▸ **Task to carry out**
The required copy runs from the first line of the material through the line containing "Pomeranian Puppy for", exactly as written and without pictures.

▸ **Dataset excerpts**
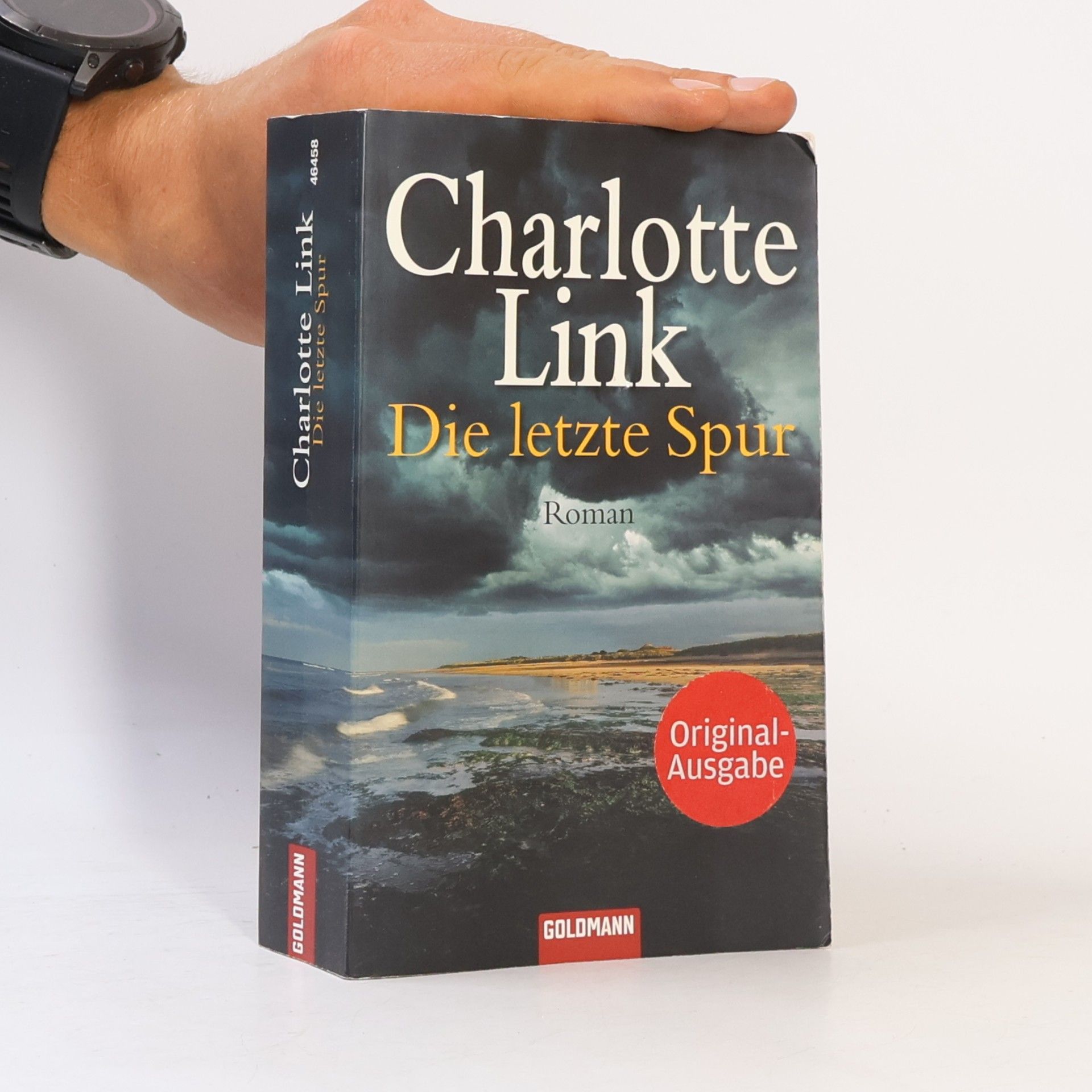 Charlotte Link Die letzte Spur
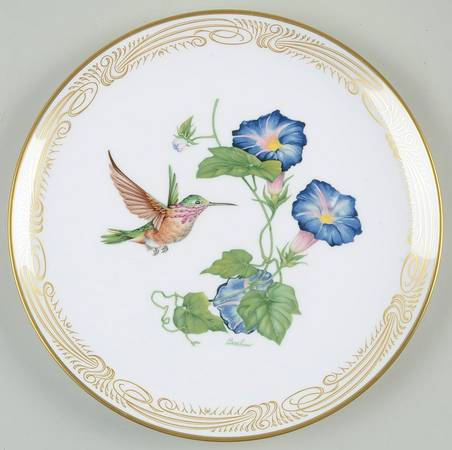 Hummingbird Calliope - With Box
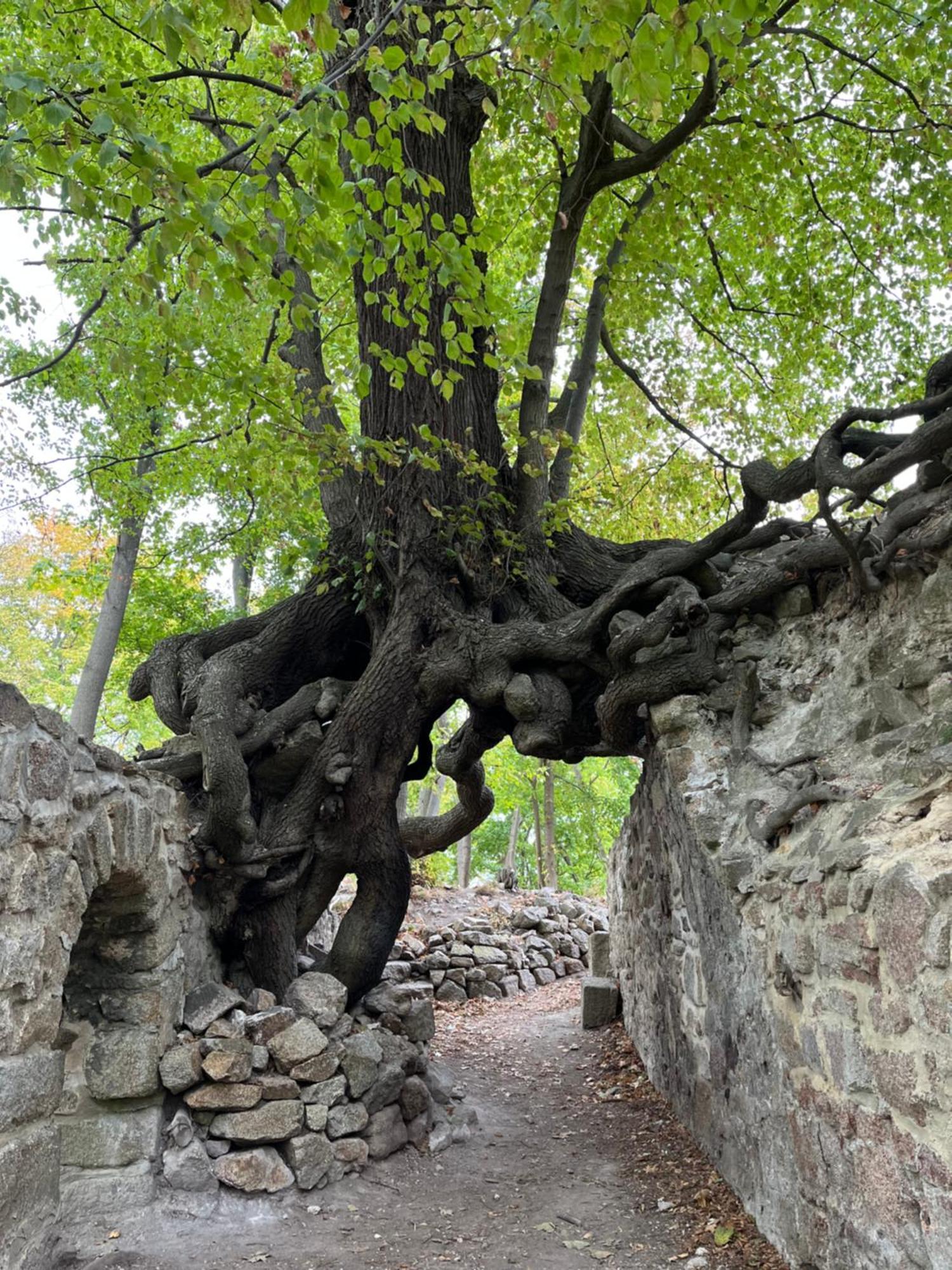Villa "Kleinstes Haus Von Blankenburg" Urlaub In Einem Einzigartigen Baudenkmal à Blankenburg  Extérieur photo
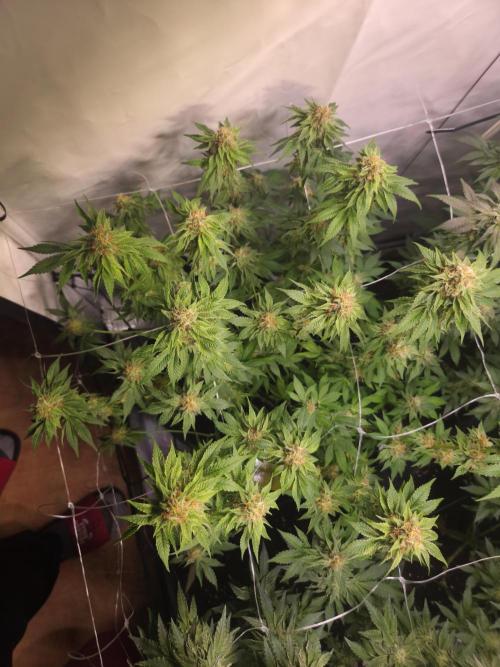 Zerbert x Fresca Melon 🌱. Week 11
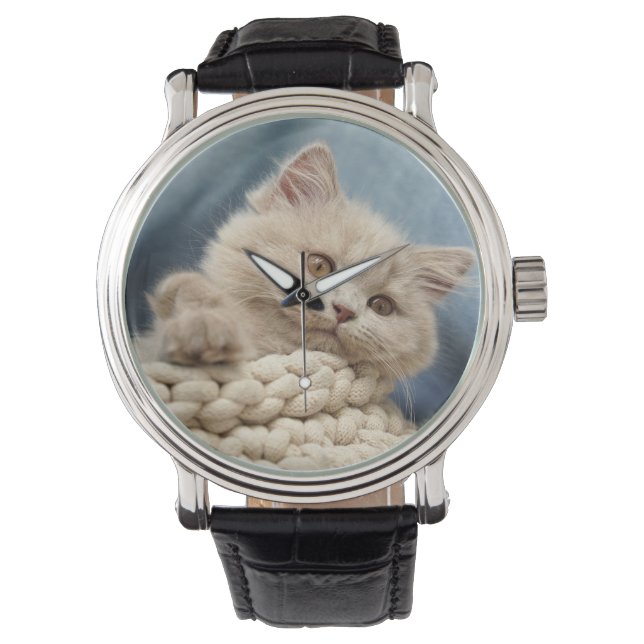 Montre Chaton britannique, Kitten, Animal de compagnie (devant)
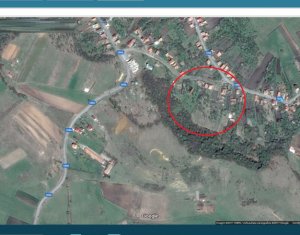 Terrain à vendre dans Chinteni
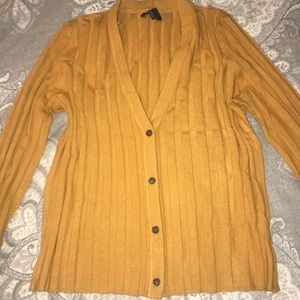 American Eagle Cardigan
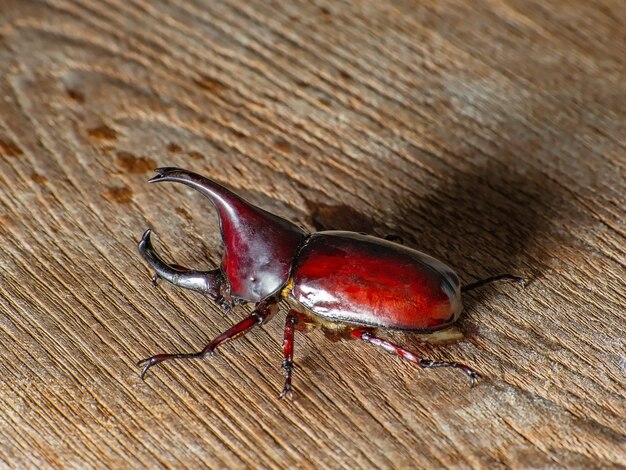 Dynastinae - Rhinoceros Beetle - Rhinoceros beetles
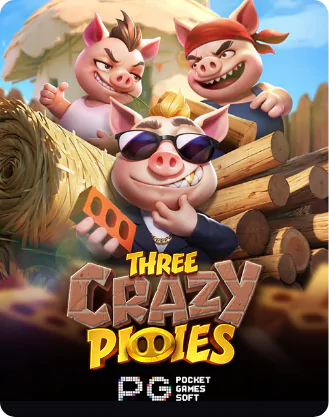 Three Crazy Piggies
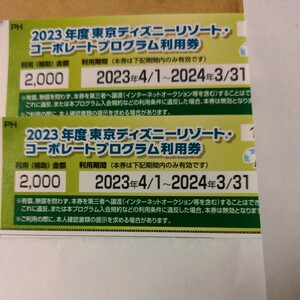 2023年度　東京ディズニーリゾート・コーポレートプログラム利用券　2000円利用(補助)券２枚　利用期間　2024/3/31まで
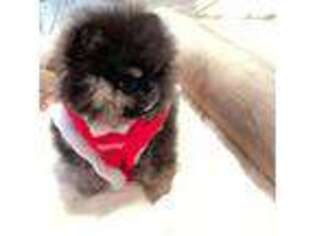 Pomeranian Puppy for sale in Hemingway, SC, USA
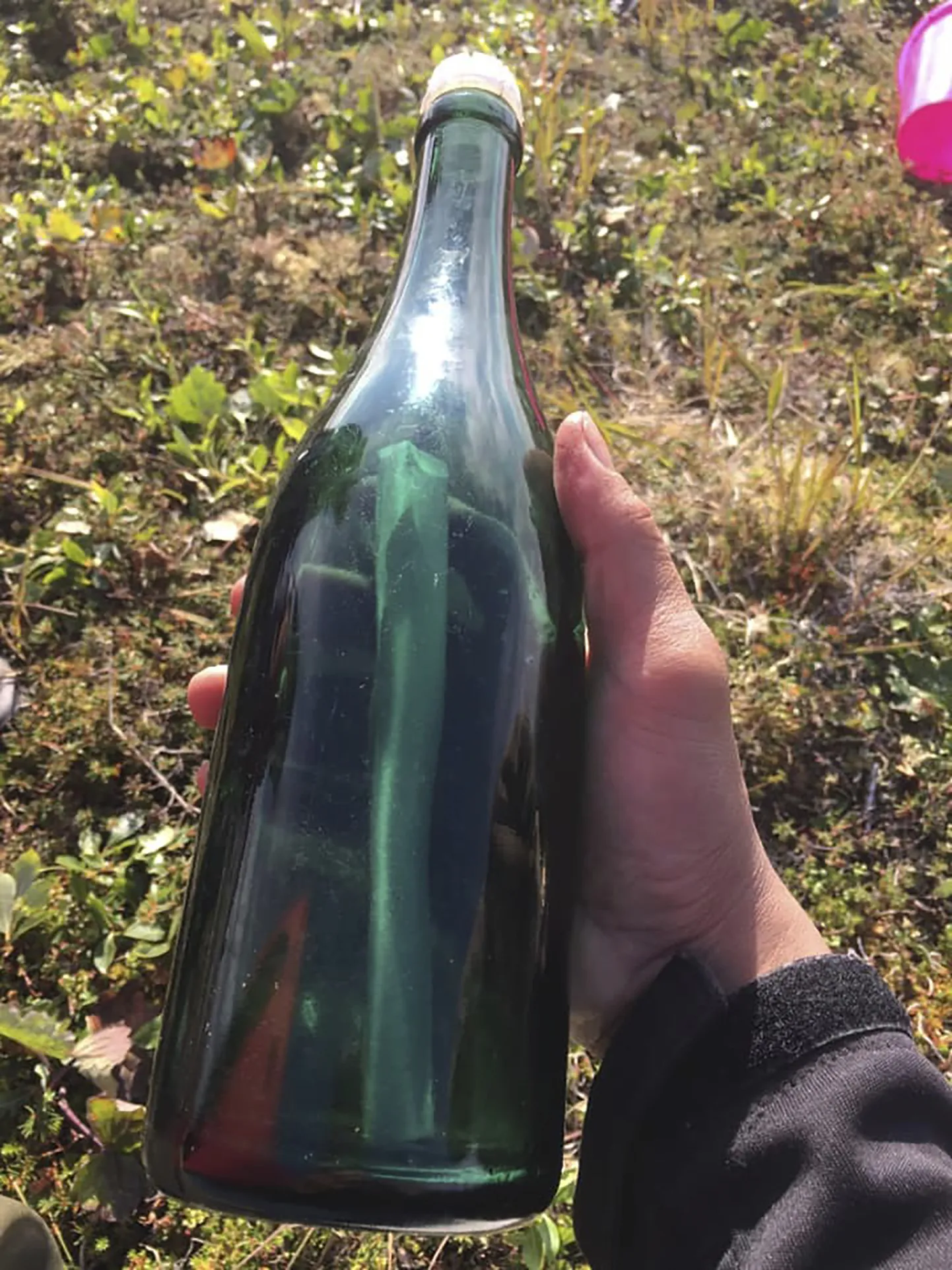 Alaskalane Tyler Ivanoff leidis rannalt pudeli, milles oli 1969. aastast pärit nõukogude kapteni kiri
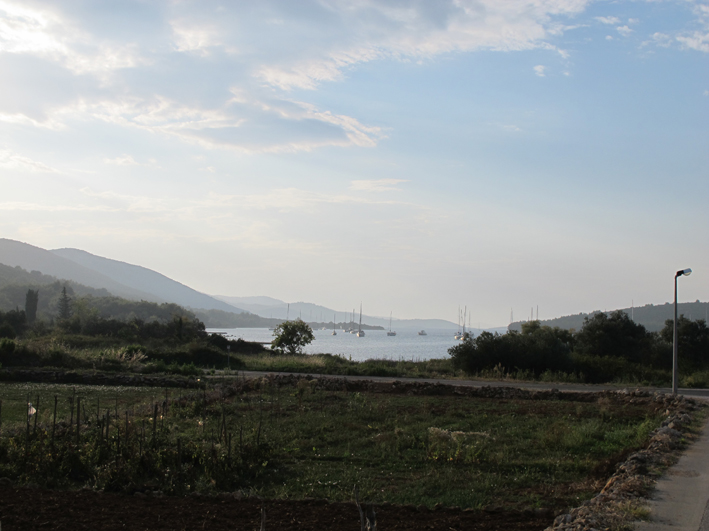 Anfibi a Dugi Otok, Croazia - H. arborea e B. viridis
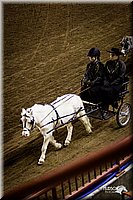 4H-State-12-0179.jpg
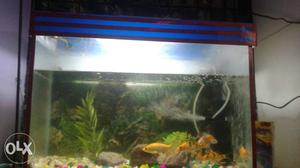 Clear Fish Tank with 8 Gold Fish. For More Detail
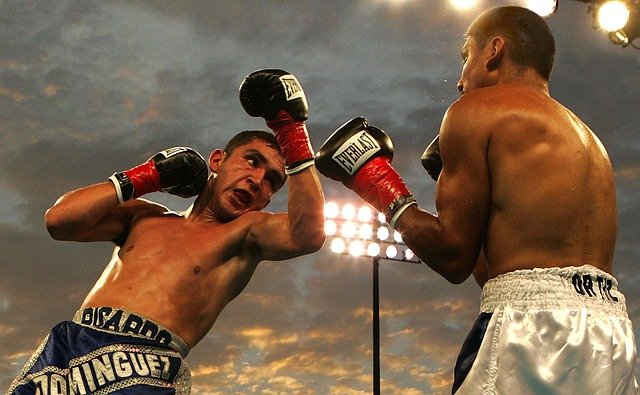 boxing skyfox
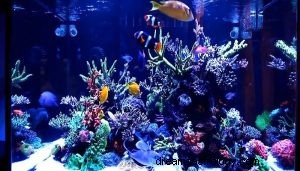Hva betyr det å drømme om akvarium? 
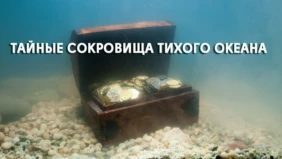 Трейлер 1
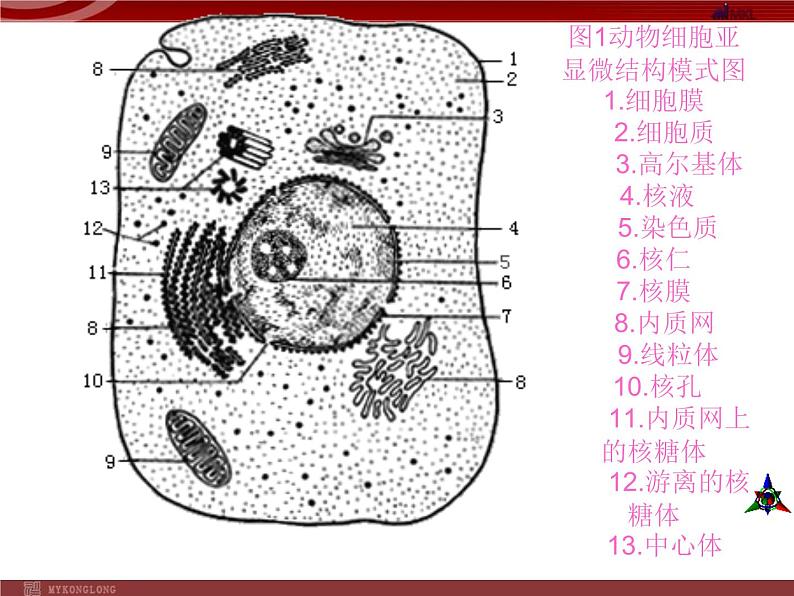 人教版八年级下册 生物：7.2.2 基因在亲子代间的传递 课件 课件04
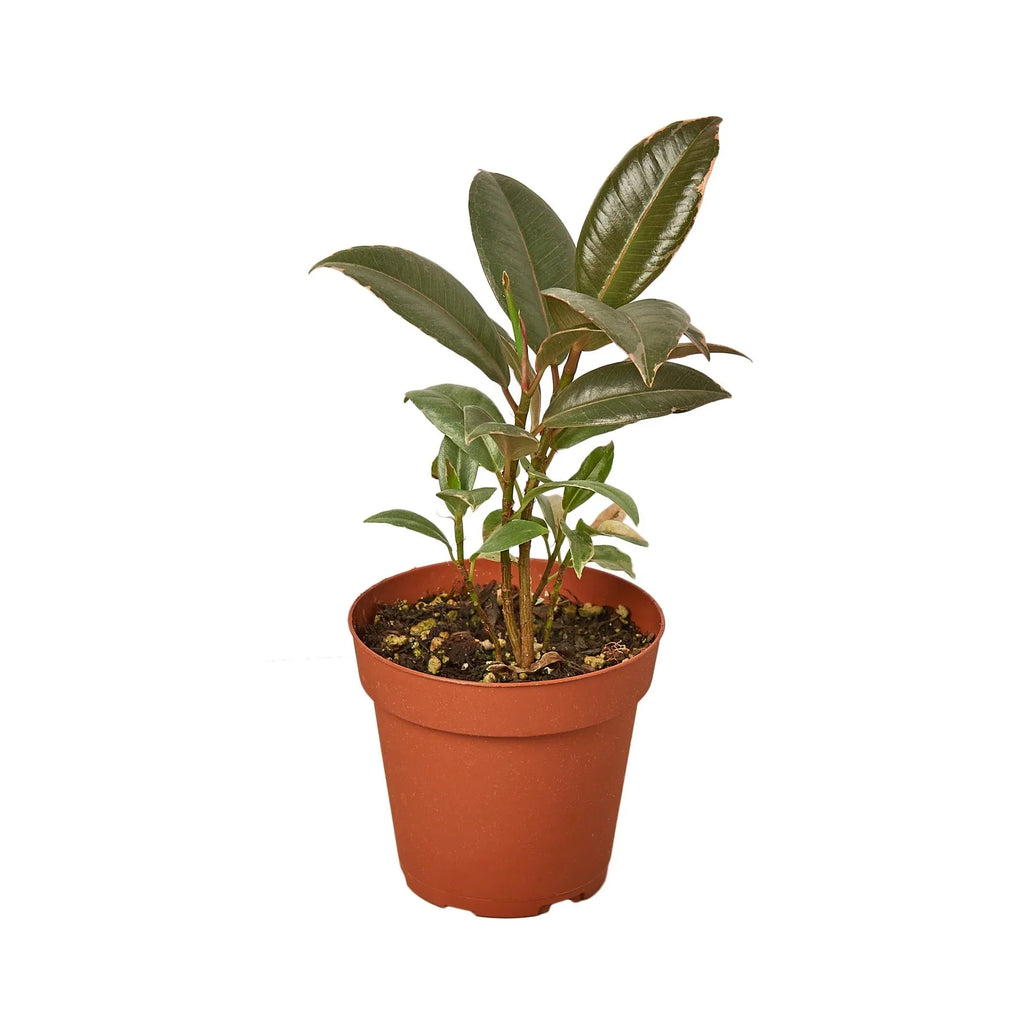 Ficus Elastica 'Tineke' - Holiday Corner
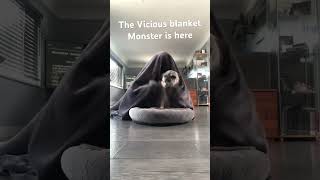 The blanket monster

▸ **Task answer**
 Charlotte Link Die letzte Spur
 Hummingbird Calliope - With Box
Villa "Kleinstes Haus Von Blankenburg" Urlaub In Einem Einzigartigen Baudenkmal à Blankenburg  Extérieur photo
 Zerbert x Fresca Melon 🌱. Week 11
 Montre Chaton britannique, Kitten, Animal de compagnie (devant)
 Terrain à vendre dans Chinteni
 American Eagle Cardigan
 Dynastinae - Rhinoceros Beetle - Rhinoceros beetles
 Three Crazy Piggies
 2023年度　東京ディズニーリゾート・コーポレートプログラム利用券　2000円利用(補助)券２枚　利用期間　2024/3/31まで
 Pomeranian Puppy for sale in Hemingway, SC, USA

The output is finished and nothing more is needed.